По словам президента «Русфонда» самый крупный национальный регистр в мире создан в Германии, где 84 млн населения. Из них 10 с лишним млн человек – доноры. Локальных регистров в стране – 26: 13 государственных и 13 – от НКО.
«НКО не деньги дают, а сами строят. Из 10 с небольшим млн доноров только 350 тысяч построили государственные регистры. Остальные 10 с лишним миллионов созданы НКО. Почему? Законодательство для НКО гибче, если НКО выступает как субъект экономики. Хотя в России у законодательства те же принципы», – сравнивает Лев Амбиндер.

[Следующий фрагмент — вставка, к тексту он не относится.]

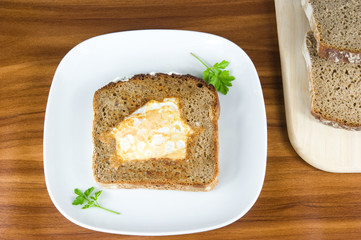 Omelet with bread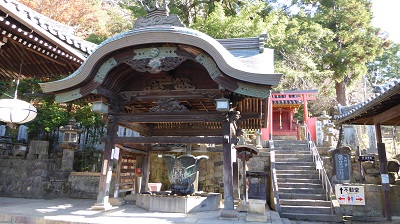 a09_125_手洗所・飯道神社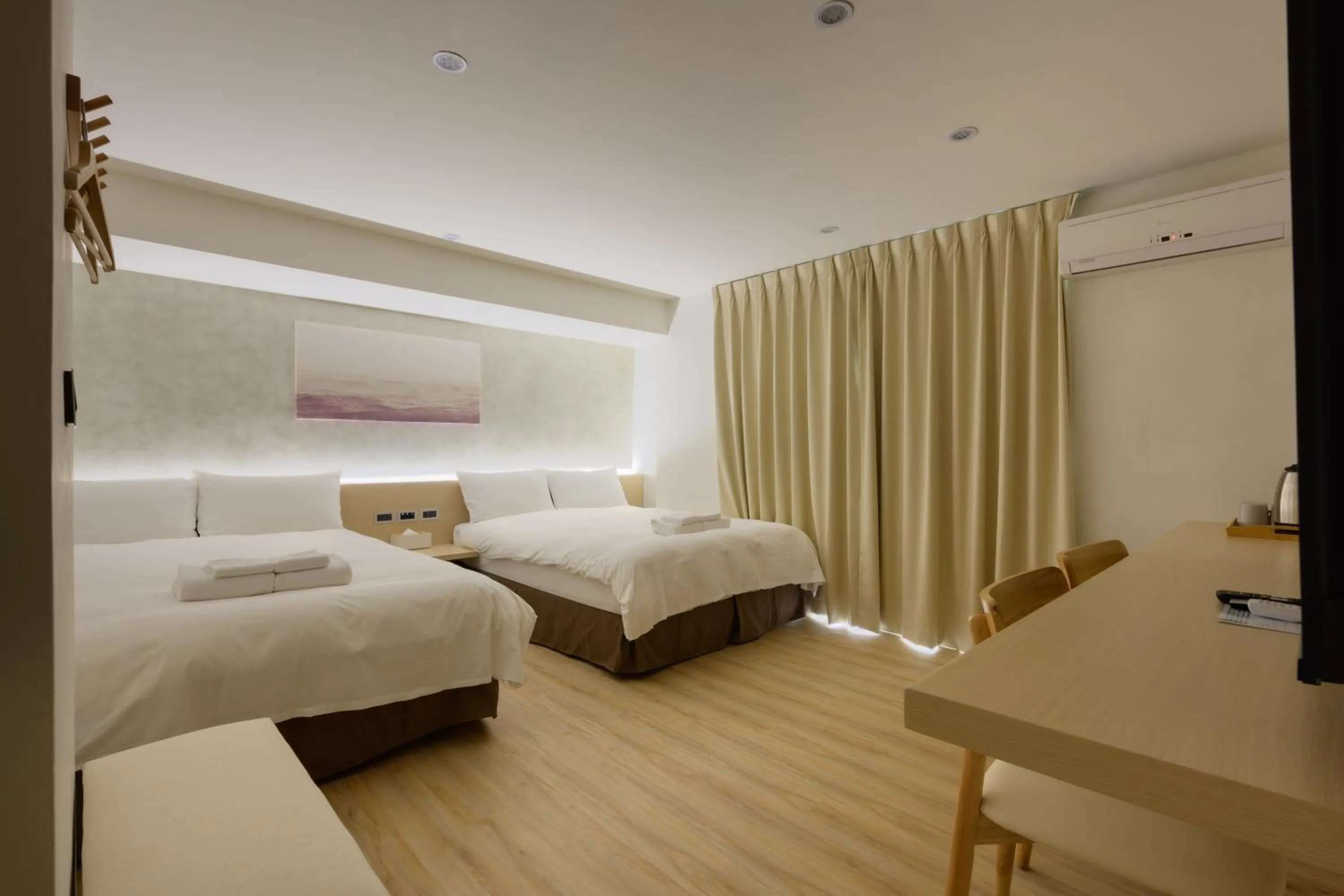 Bed in Members Hotel at Taipei 101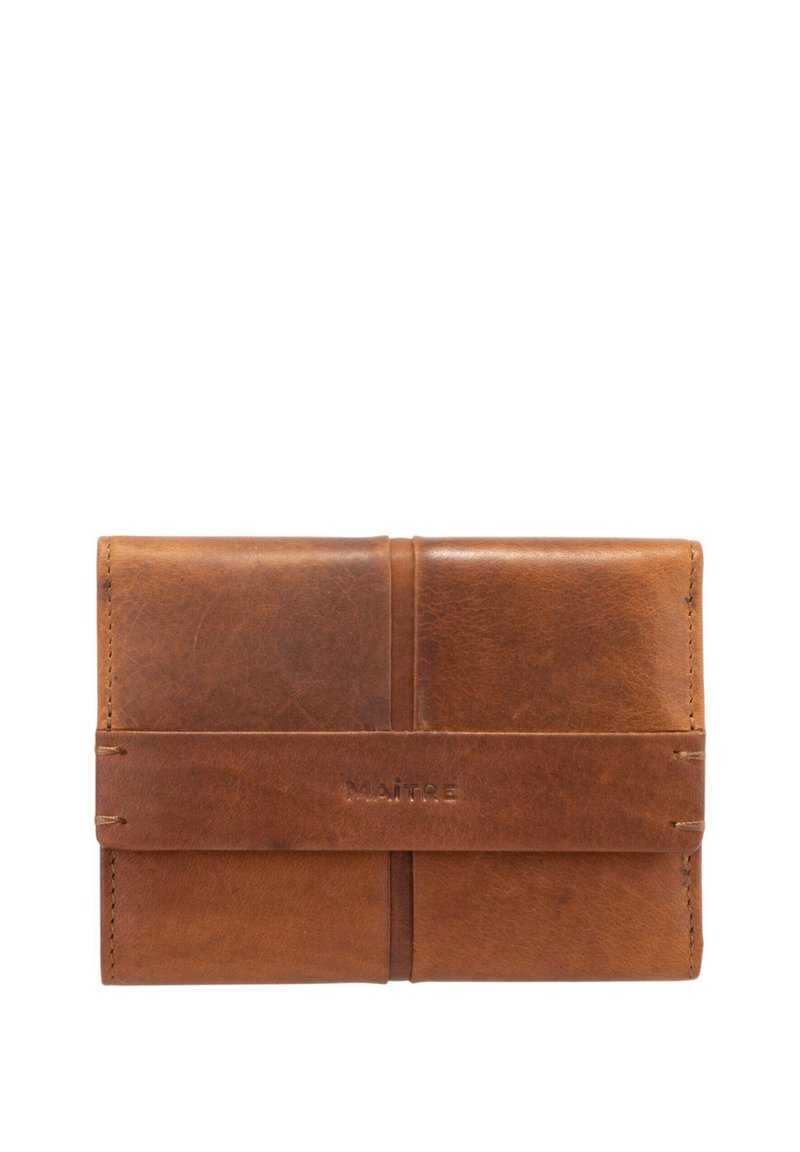 Portafoglio in pelle marrone con texture liscia, design pieghevole e logo impresso. Presenta una semplice strap per la chiusura. Stile minimalista.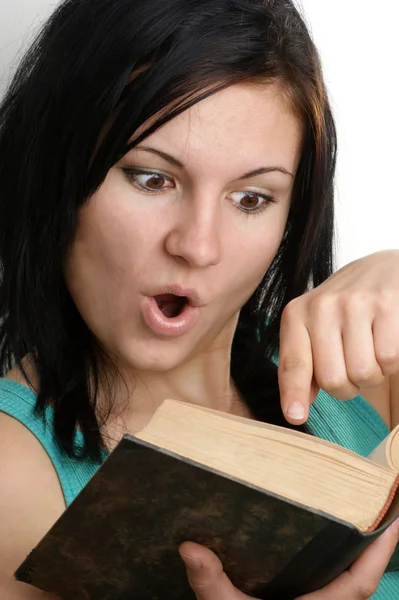 Μια νεαρή γυναίκα ανάγνωση σε ένα βιβλίο — Φωτογραφία Αρχείου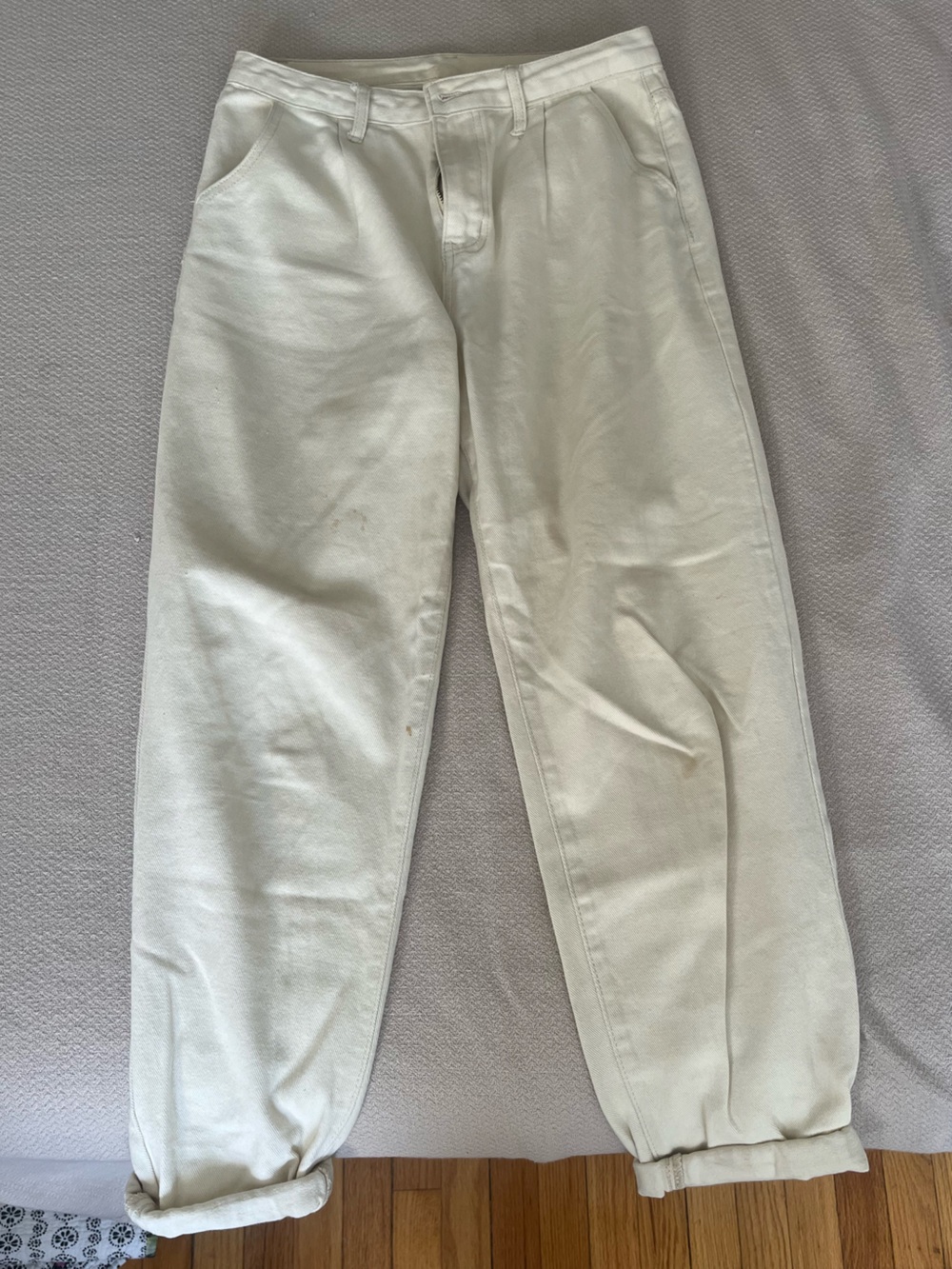 SHEIN Women's Cream Boyfriend Jeans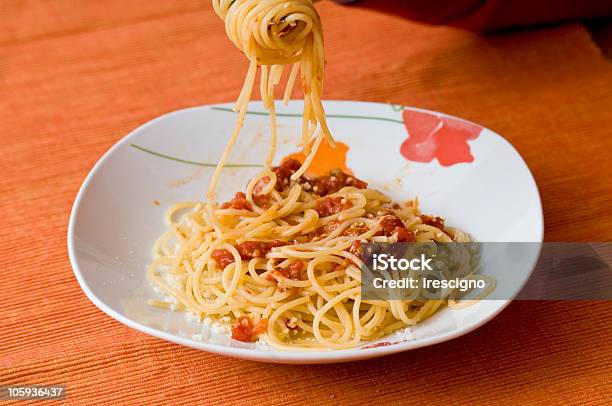 Spaghetti Al Pomodorocucina Italiana - Fotografie stock e altre immagini di Alimentazione sana - Alimentazione sana, Cibo, Composizione orizzontale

«Если бы нам не помогала администрация президента, то мы бы не выжили, – считает президент «Русфонда». – Мы создали Национальный регистр доноров костного мозга. Мне говорили: “Вы победили, у вас самый крупный локальный регистр, вы входите в федеральный регистр, вы больше всех поставляете трансплантатов в стране”. “Больше всех, я говорю, хорошо. Но мы поставляем за свой счет. Это “Русфонд” достает деньги и вкладывает. А государство свои регистры оплачивает. Почему мы не получаем это финансирование?” НКО как субъект экономики не признается в стране. Когда мы получаем гранты от ФПГ, московской мэрии, региональные – это одно. Когда я приезжаю в Минздрав, то слышу: чем ты занимаешься? Государство не готово – в лице исполнительной власти, Минздрава, ФМБА – финансировать НКО. В ведомстве мне сообщают: “Мы некомпетентны”. Послушайте: если я в чем-то некомпетентен, я найму человека, который компетентен. И он все сделает. Никаких проблем, все работает. Почему если государство некомпетентно, то это навсегда? Мы предлагаем государственно-частное партнерство. Как это может быть устроено? Мы заключаем с государством договор, что 50 тыс. доноров ведем в этом году, тратим собственные средства, затем передаем вам в собственность эту базу, а вы нам возмещаете наши затраты. Тут же оговорюсь, что наши затраты в три раза ниже, чем государственные».